A few tips on makin jerkey for ya. I've been making jerkey for about 30 years now and have learned something every year. I actually built a jerkey smoker into my fireplace so do it a lot.
I use to make up my own receipe but got to figureing it out and I was spending a ton of money on ingredients. I just tried an outfit www.midwesternresearch.com that sells all sorts of sausage, jerkey seasonings and anything that has to do with processing meat. I can buy any selection of about 8 different receipes from the for cheaper than I can make it myself. I use to mix and brine my meat first but they suggest just putting a layer of meat in and sprinkling the seasoning in then another layer till your pot is full. Let it set for at least 12 hrs. and put it in the smoker. A tip here is. I got a moose this year and the forearms are really big and meatey but have a lot of grissle. If you just slice it up you end up with a horribly grissley piece of jerkey you can't hardly eat. I first put the seasoning on it, let it sit for at least 12 hrs. then grind it up into hamburger. Then roll it out flat with a rolling pin real thin, cut it with a pie cutter about 2" x 2" and scoop it up with the pie cutter and put it on your rack. If your rolling pin sticks to the meat put a little veg. oil on it and it'll slide without sticking. The meat sticks together like bread dough and dries in one piece. Sure makes it easier to eat and you can use all those mostly unuseable grissley pieces you threw away or ground into hamburger. If you like really hot spicey, they sell a Waltons special mix and it's perty danged hot. I prefer the Colorado spicey or the Teriyaki both of which are a little hot too. If you don't like spicey get the BBQ jerkey mix. It's just plain with no heat to it at all. Make sure you cut the meat into small pieces although it don't have to be sliced thin like the really nice muscle cuts because your going to grind it up. Pieces like about 3" by no thicker than about 1/2". Watch it close in the smoker because if it gets too dry it's hard like a potato chip and you can't taste the flavor much. If you take it out too soon it will have too much moisture in it and will mold. If you get it too dry put some bread in a zip lok bag with it and leave it on t he counter for a few days and the jerkey will soak up the moisture from the bread. If it's too moist then just spread it out on the counter and it will dry from the room heat in a day or two. I store mine in the freezer so it don't dry out.

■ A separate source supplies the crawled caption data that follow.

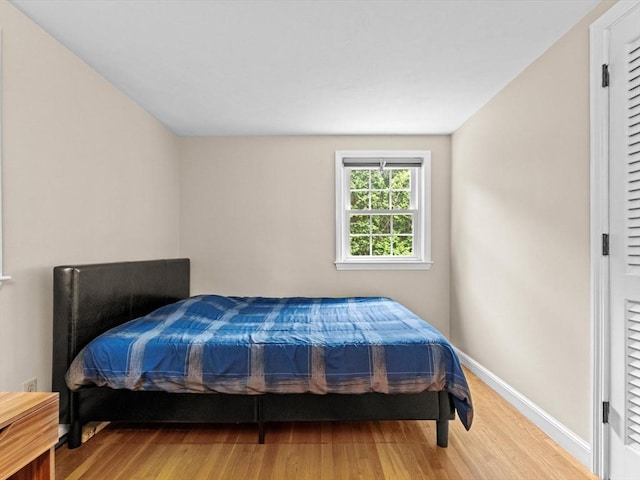 182 W Main St, Westborough, MA 01581 - bedroom with wood finished floors and baseboards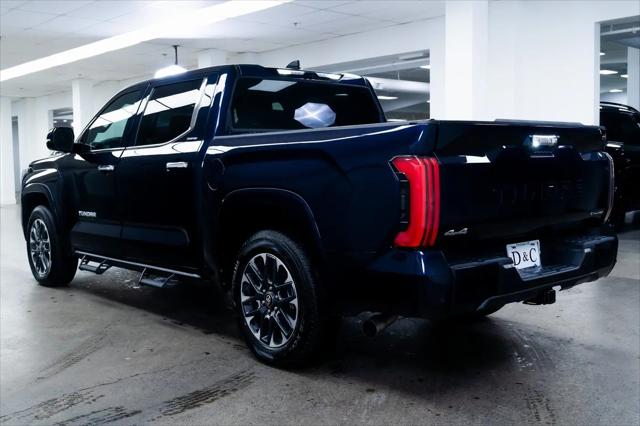 2025 Toyota Tundra Limited CrewMax 6.4' Bed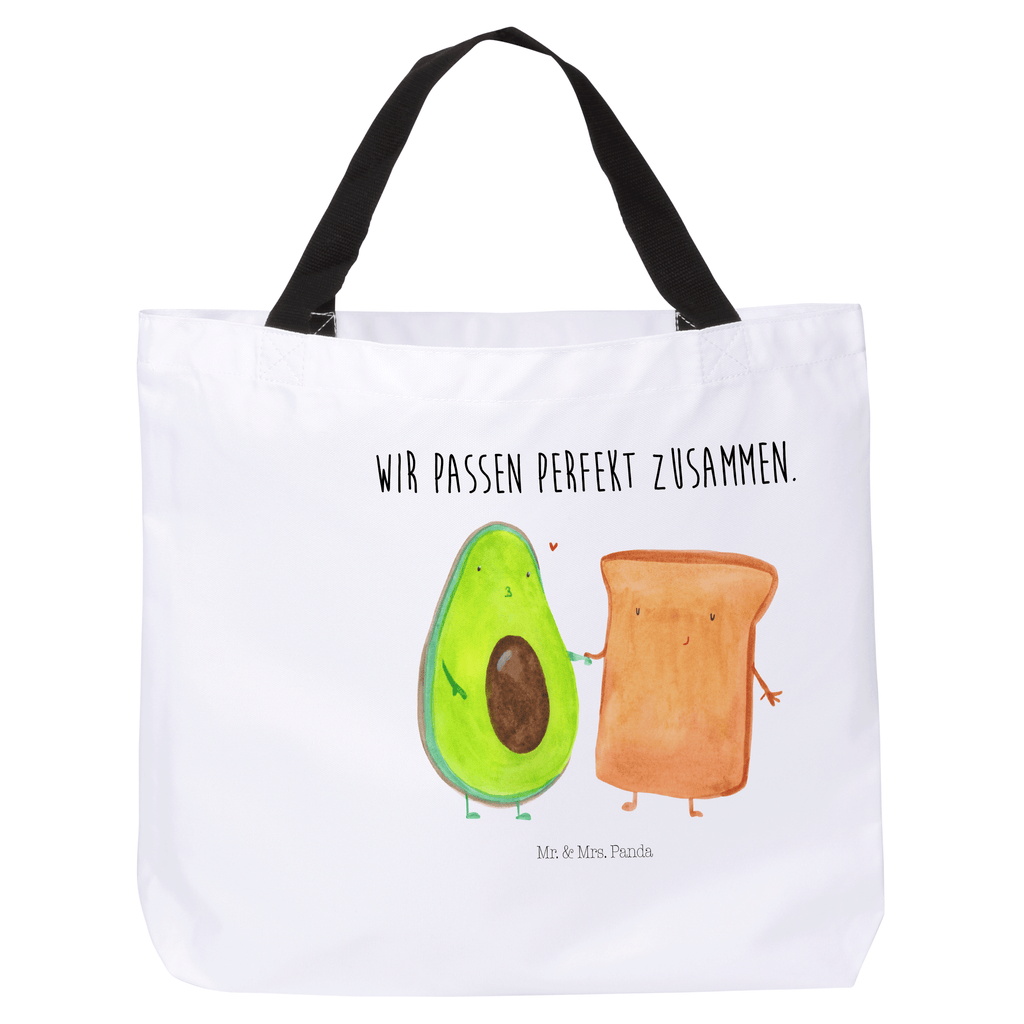 Shopper Avocado + Toast Beutel, Einkaufstasche, Tasche, Strandtasche, Einkaufsbeutel, Shopper, Schultasche, Freizeittasche, Tragebeutel, Schulbeutel, Alltagstasche, Avocado, Veggie, Vegan, Gesund, Toast, Toastbrot, Liebespaar, Pärchen, Freund, Freundin, Verlobt, Verlobungsparty, Hochzeit, Hochzeitsgeschenk, Jahrestag, Jahrestagsgeschenk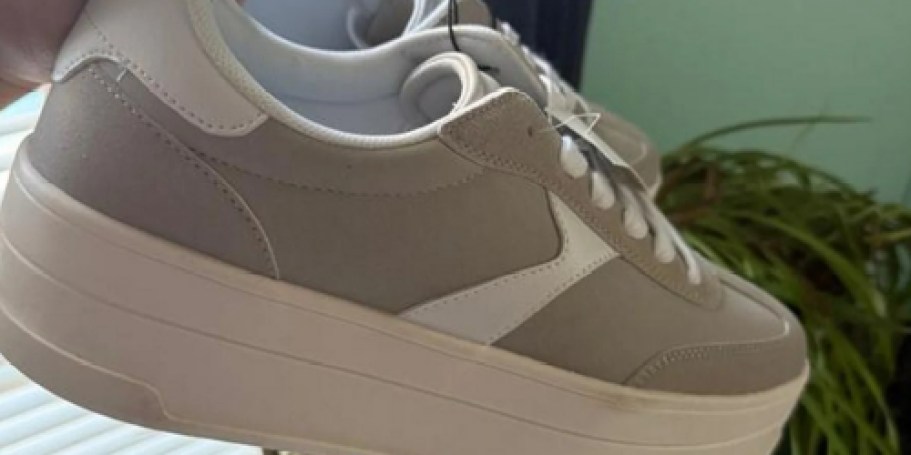 GO! No Boundaries Platform Sneakers Only $9.99 on Walmart.com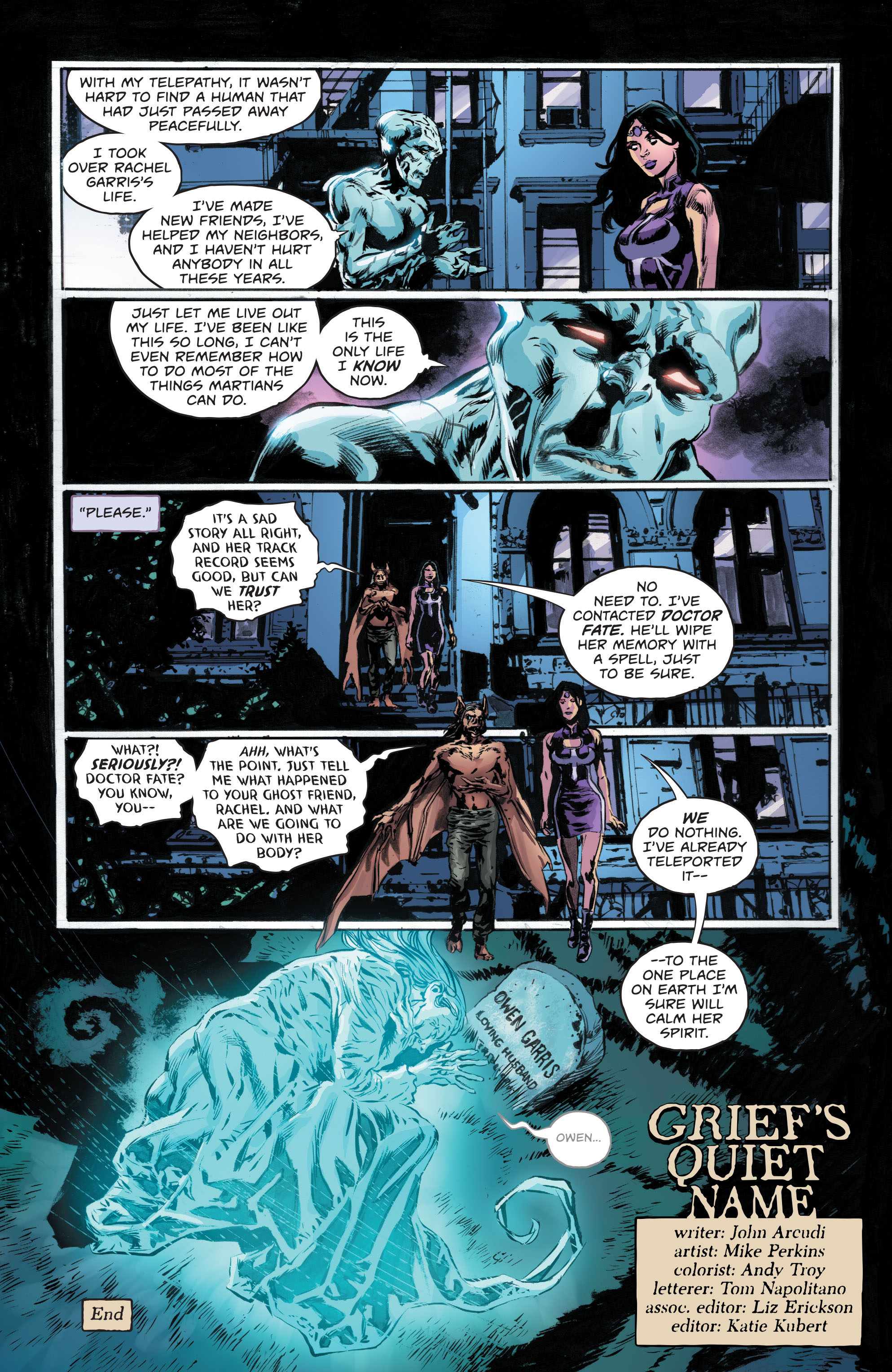 DC: The Doomed and The Damned (2020): Chapter 1 - Page 10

Don't buy the chips at the store it costs too much. Get a piece of any type of hardwood, alder,maple, apple, any type fruit tree, hickory, mesquite, but no softwoods like pine, fir, larch, . The softwoods will make it taste terrible with a creosote taste, not fit to eat. I spread out a tarp and commence to making a bunch of sawdust with my chainsaw and collect it on the tarp. You can make enough in about 30 minutes to make 200 pounds of jerkey. Otherwise you'll spend a fortune on store bought chips.
I've tried all sorts of meat in making jerkey and you really can't tell much difference in what type meat you use. The ingredients you use for the cure pretty much give all the flavor. I was thinking about trying some old shoe leather and see if it will work too, hadn't done that yet.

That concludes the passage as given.